Pour qu'il y ait des croisières il faut au moins réunir 3 conditions principales (et d'autres aussi) :

- 1 un bateau DÉSINFECTÉ avec son équipage au complet et opérationnel. Pour l'instant les équipages sont disséminés dans le monde. Il faudra les retrouver, les convaincre, certains auront peur. Les convaincus devront trouver des vols pour revenir ; enfin venant de pays "exotiques" ils devront être acceptés à l'entrée des pays où seront les bateaux. Pas gagné avec toutes ces contraintes !!

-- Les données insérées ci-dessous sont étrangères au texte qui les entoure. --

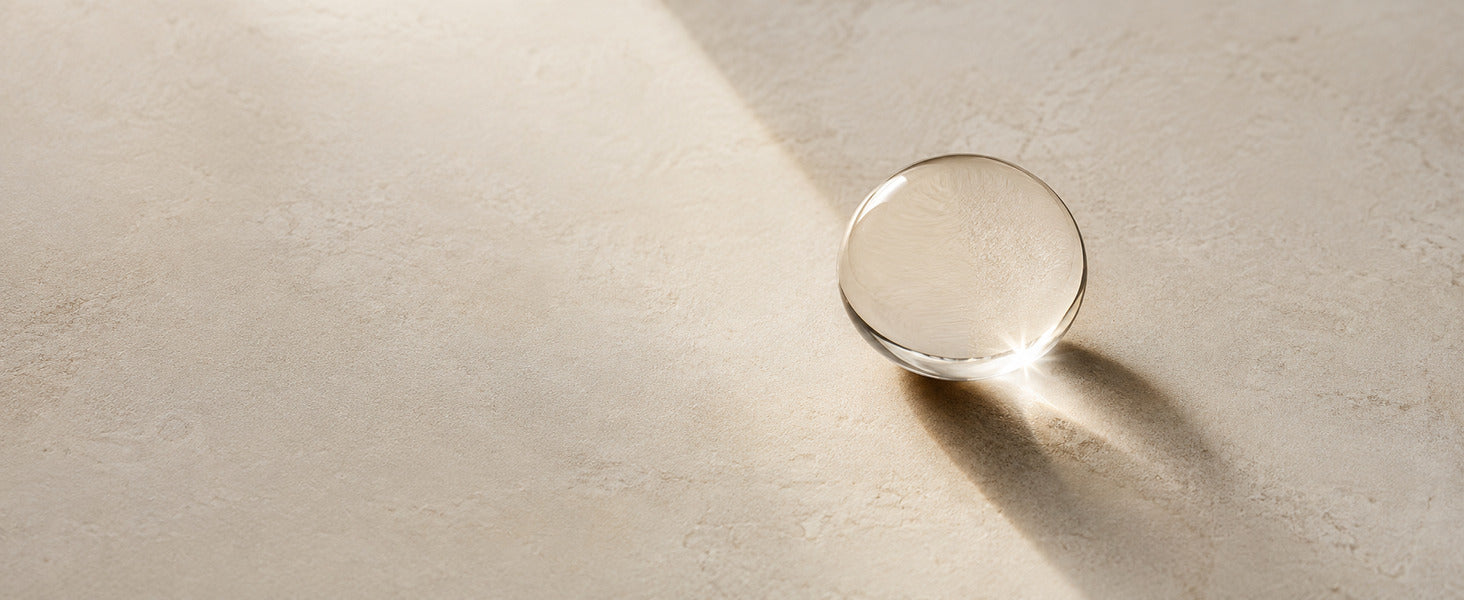 Editorial Pure Squalane considered minimal oil detail on ivory stone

- 2 un minimum de passagers car en mer un bateau armé coûte beaucoup plus cher que désarmé dans 1 port ou au mouillage !!! Comment vont-ils arriver au port d'embarquement s'ils viennent de loin ? Et mêmes remarques que pour l'équipage, ils faudra qu'ils puissent entrer dans le pays de départ...

- 3 des ports qui acceptent les bateaux. Ce que diront les gouvernements est une chose, ce que décideront les locaux qui, déjà avant l'épidémie ne voyaient plus les croisiéristes d'un très bon œil en est une autre ! Pas gagné non plus pour beaucoup d'endroits où les populations risquent de très très mal réagir à l'arrivée de milliers de personnes potentiellement porteuses du virus même si elles ne sont pas malades.

On peut rêver, mais il faut aussi parfois revenir sur terre à défaut d'être en mer. Pour moi il y aura extrêmement peu de départs avant l'automne en étant très optimiste !!! Je prépare déjà un plan B pour notre départ du 17/10 depuis le Japon Nous avons heureusement des vols reportables. Qui vivra verra.... Qu'en pensez-vous ?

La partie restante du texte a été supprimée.